L’esprit d’audace et de démesure

On pourrait dire que l’humour, comme l’amour — comme la conscience, comme l’être, comme la haute sensibilité ou poésie vécue, comme tout ce qui justifie de l’épithète divin —, ça ne s’analyse pas, ça se pratique.
 
Et qu’il n’est de pratique saine, loyale que dans une transe d’amusement : j’ai nommé la passion et son feu, l’esprit d’audace et de démesure. 

Sus à l’idée toute faite ! Sus au sentiment appris ! 
Au feu, tous ces beaux atours que notre être intime chérit tant ! 
En matière d’intériorité, il n’est de vérité que dans la nudité. Comment mettre à nu ce qui, au sortir de l’enfance, s’entête tant à se vêtir, à rouiller, à s’oxyder ? 

Eh bien, il faut se trouver un décapant.
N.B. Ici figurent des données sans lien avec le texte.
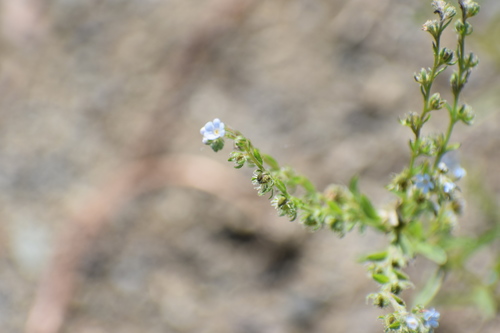 Flatspine stickseed (Lappula occidentalis)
Pas besoin de chercher très loin ! Le décapant est en nous, sous une double forme : conscience et… humour. 

Accomplir un acte de conscience est très, très difficile. Se moquer de soi est aisé.

Je ne connais guère que des chercheurs spirituels malchanceux. 
Il est vrai qu’ils avancent vers l’ultime prise de conscience du pas consciencieux et laborieux de nos laboureurs d’autrefois… 

Je leur fais cette suggestion : qu’ils renoncent à cette pesante allu­re, s’accordent une pause dans la lente ascension de leur calvaire, et se mettent à sautiller comme des enfants, EN RIANT D’EUX MÊMES. 

Oh, ça ne marchera pas à tous les coups, mais au moins ils connaîtront une minute, une heure peut-être, de vie vivante, d’ingénui­té — et sait-on jamais, cela pourrait titiller les Dieux… 

Les Dieux aiment à rire, et comme chacun le sait ou devrait le savoir, ce sont eux les passeurs d’âmes, les faiseurs d’éveil, et jamais, au grand jamais, cet ado­rable petit trou du cul d’enfant divin qu’en français, jadis, on nommait Ma Pomme.